Bacterial protein SDS-PAGE and purified bacterial protein SDS-PAGE demonstrated the successful expression of Cry6Aa2 in Escherichia coli BL21(DE3).Cry6Aa2 protein with 6*His has a molecular weight of 49 kDa.In SDS-PAGE for Bacterial protein,compared with the Ctrl, the samples all had obvious bands at 49 kDa.In SDS-PAGE for purification of bacterial protein, bands were visible in the induction group at 49 kDa.
Western Blot
Figure 4. Western Blot of Cry6Aa2-6*His.M:Protein marker;1:Uninduced group2:Induction group 20ul 5x protein loading buffer was added to the 80μL purified sample, the sample was prepared at 98℃ for 15 min, the sample was added, electrophoresis was performed at 80 v for 2 h, Transfer to nitrocellulosic membrane(It has been activated by methanol) on ice at 14 v, the primary antibody(His-Tag Mouse Monoclonal Antibody) was incubated, eluted, the secondary antibody(Goat anti-Mouse IgG) was incubated, and the color was eluted.

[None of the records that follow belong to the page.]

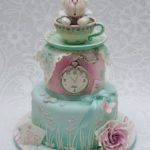 Splendid  Alice In Wonderland White Rabbit Teacup Cake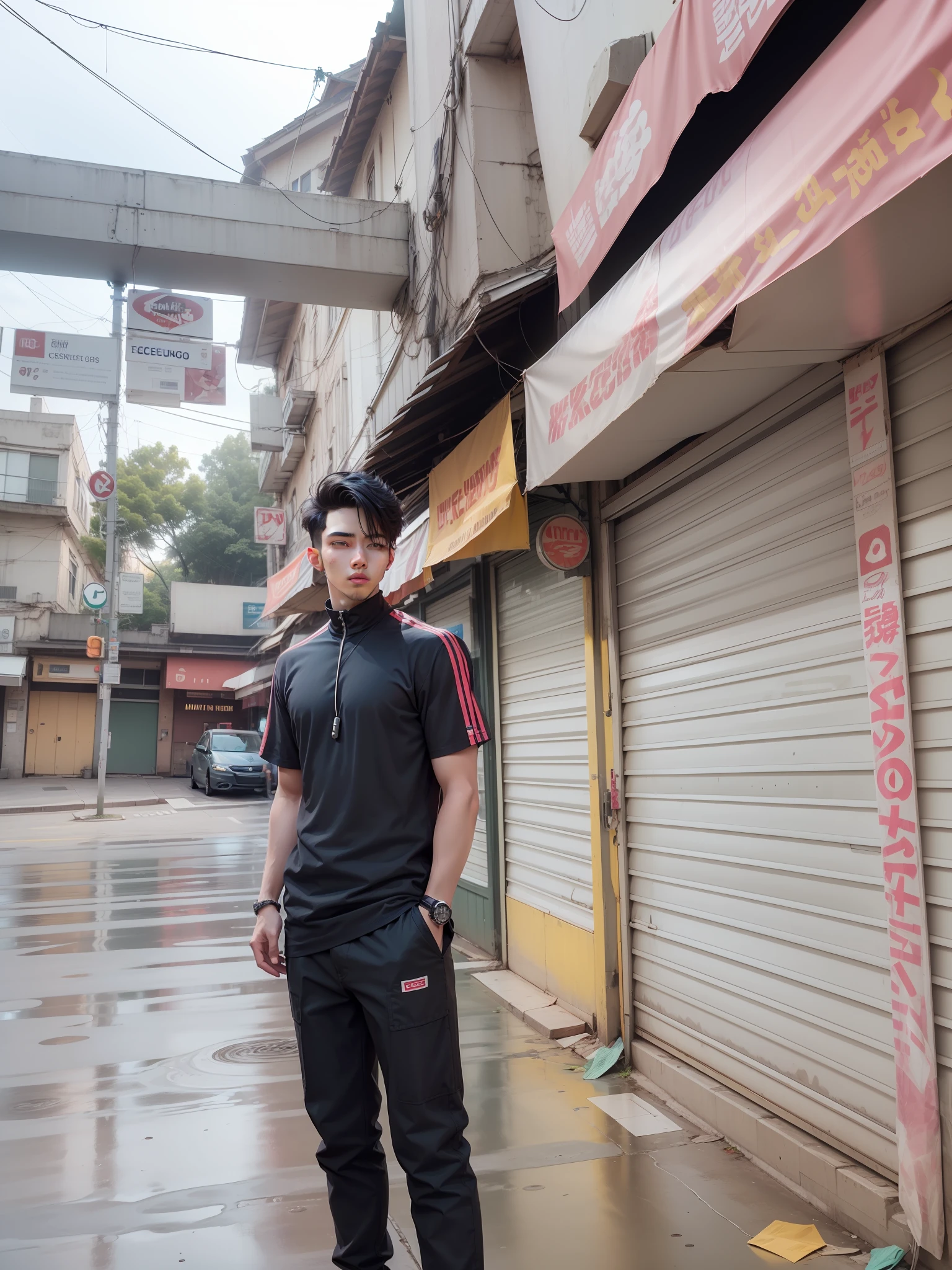 Background chenge. Cybersecurity handsome boy. Neon Lighting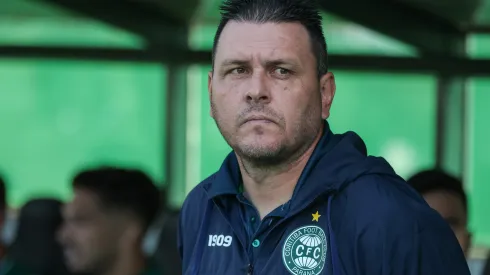 Robson Mafra/AGIF- Thiago Kosloski, técnico do Coritiba
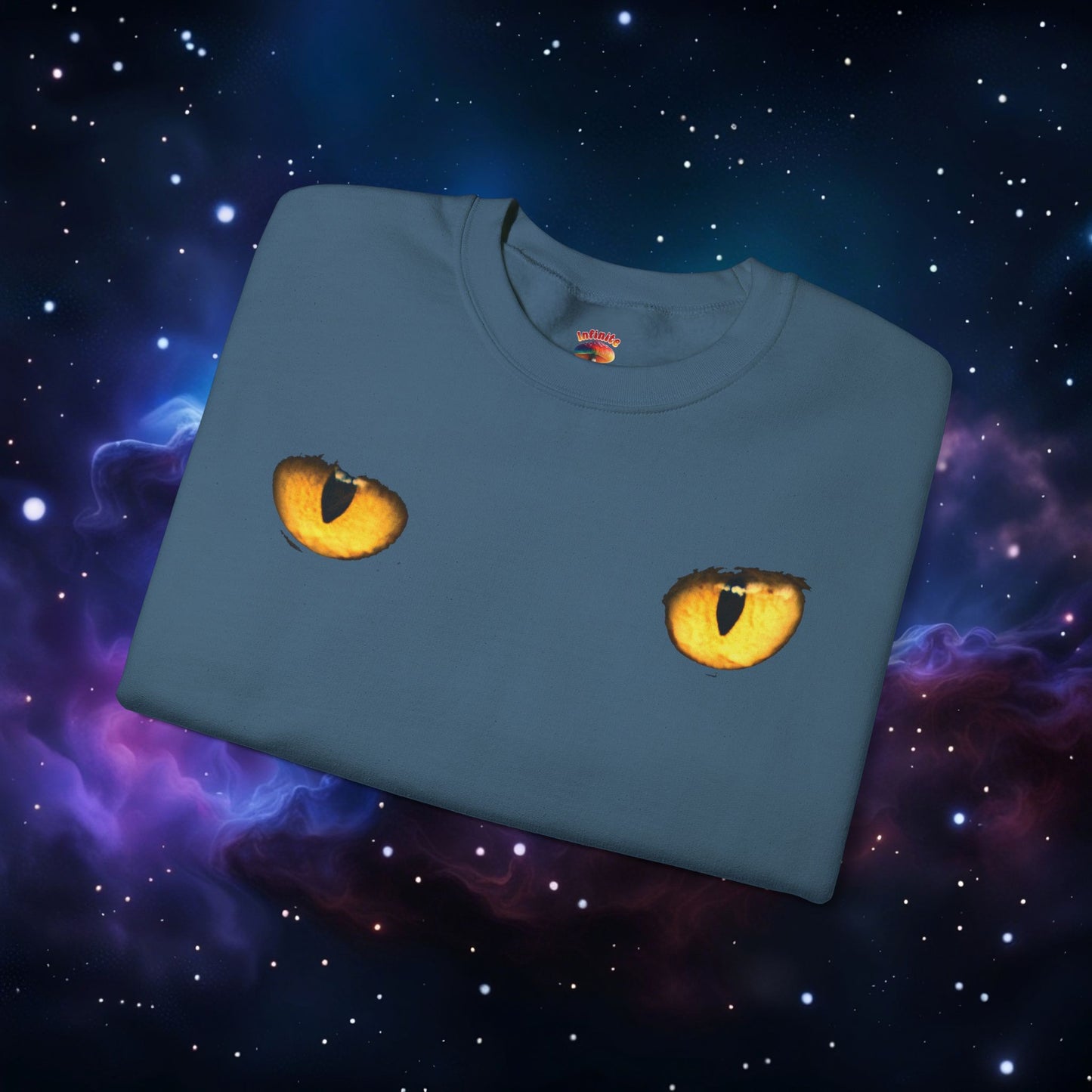 CAT EYES (YELLOW) SWEATSHIRT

Western Blot further demonstrated the successful expression of Cry6Aa2. There were coarse bands at 49 kDa in the induced group, and the protein content was significantly different from that in the non-induced group.We hypothesized that the bands in the uninduced group near 49 kDa might be caused by other proteins in Escherichia coli BL21(DE3), or by low-dose leakage of lacⅠ operons.
Reference
1.Zhang F, Peng D, Cheng C, Zhou W, Ju S, Wan D, Yu Z, Shi J, Deng Y, Wang F, Ye X, Hu Z, Lin J, Ruan L, Sun M. Bacillus thuringiensis Crystal Protein Cry6Aa Triggers Caenorhabditis elegans Necrosis Pathway Mediated by Aspartic Protease (ASP-1). PLoS Pathog. 2016 Jan 21;12(1):e1005389. doi: 10.1371/journal.ppat.1005389.
2.Wang P, Zhang C, Guo M, Guo S, Zhu Y, Zheng J, Zhu L, Ruan L, Peng D, Sun M. Complete genome sequence of Bacillus thuringiensis YBT-1518, a typical strain with high toxicity to nematodes. J Biotechnol. 2014 Feb 10;171:1-2. doi: 10.1016/j.jbiotec.2013.11.023. Epub 2013 Dec 11.